I made my way down the stairs, studying the family gallery as I went: snapshots of children and dogs and parties, blown up and framed like paintings; formal studio portraits that my family had organised for my grandparents’ fortieth wedding anniversary, with embarrassing hairstyles and clothes that were never to be worn again. That was the last time the wall had been updated, as though the life of the family stopped when I was thirteen. I suppose it did, in a way. Certainly there were no more brightly coloured family gatherings at Magpie Hall after that, just the occasional visit, with my mother always anxious to get away. At least when I visited later, on my own, I could concentrate on Grandpa and not linger over past regrets.

Further down the stairs, black and white photos of my grandparents and their children, on picnics and at weddings. My father and his brother as boys, smiling under Davy Crockett hats, rifles slung over their shoulders and a bouquet of dead ducks hanging on a stick between them. My aunt, Helene, looking serene and beautiful in a white wedding gown, her husband a good two inches shorter.

Further still the photos became grainy. Stiff portraits of my grandfather as a child, dressed in a smock with a big bow, held by his mother, a hard-faced woman with a Louise Brooks bob, not unlike my own, and flanked by his father, Edward Summers. Daughters were dotted about them; daughters we had long since lost contact with, as they married and drifted away to other parts of the country,
or were absorbed into their husbands’ families.
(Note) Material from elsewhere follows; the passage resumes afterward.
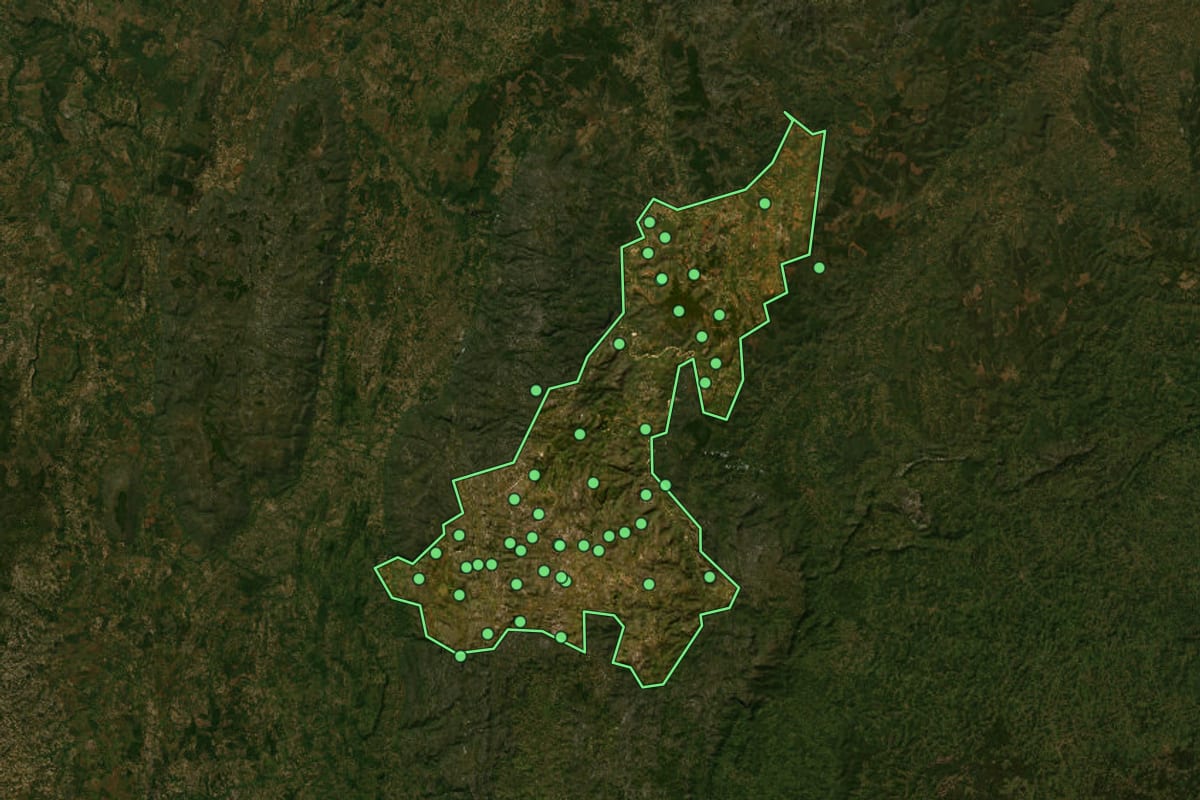 Imagem de satélite de Diamantina (MG), com o contorno do município e a posição dos imóveis desta página.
In most of the photographs, the house stood in the background, solid and unchanging. That was what I liked about it — it was a constant in everyone’s lives. I loved the fact that some of the furniture hadn’t changed, that the layout of the rooms was just as it had been when Grandpa was a boy, perhaps even his father before him; that Grandpa had courted Gram in the same way my father had my mother — by bringing her to his massive house in the country and showing her the gardens, the river, the outlandish taxidermy. And the women had fallen in love with it all; the house had become as much a part of them as it was of Henry Summers’ direct descendants, although my mother grew more detached from it the more it fell into disrepair.

Finally, at the bottom of the staircase, two very old and faded photographs in heavy oak frames. One showed a large group of women in Victorian jackets and long skirts with straw boaters, standing beside bicycles. I recognised the wide avenues from the park not far from where I grew up, although the trees were much smaller.

I had glanced at the other photo many times on my way past, but had never really stopped to examine it. It was a posed studio portrait of Henry Summers, the collector at work. He was dressed casually, in tweed trousers, with leather boots and leggings. Hatless, he gazed sombrely at the camera. He had a strong nose, slim brows and intense, dark eyes. Like my father and uncle, he carried a rifle, and at his feet sat a dog, with a bird held patiently in its mouth. I couldn’t be sure, but it looked like a pukeko, or a takahe. Henry was tall, with long, strong-looking limbs and a confidence born of status and achievement. I couldn’t tell when the photo had been taken. Before or after his wife’s death? He certainly didn’t look scarred by grief. Rather he was a man looking at the horizon and all the challenges and hopes it might bring.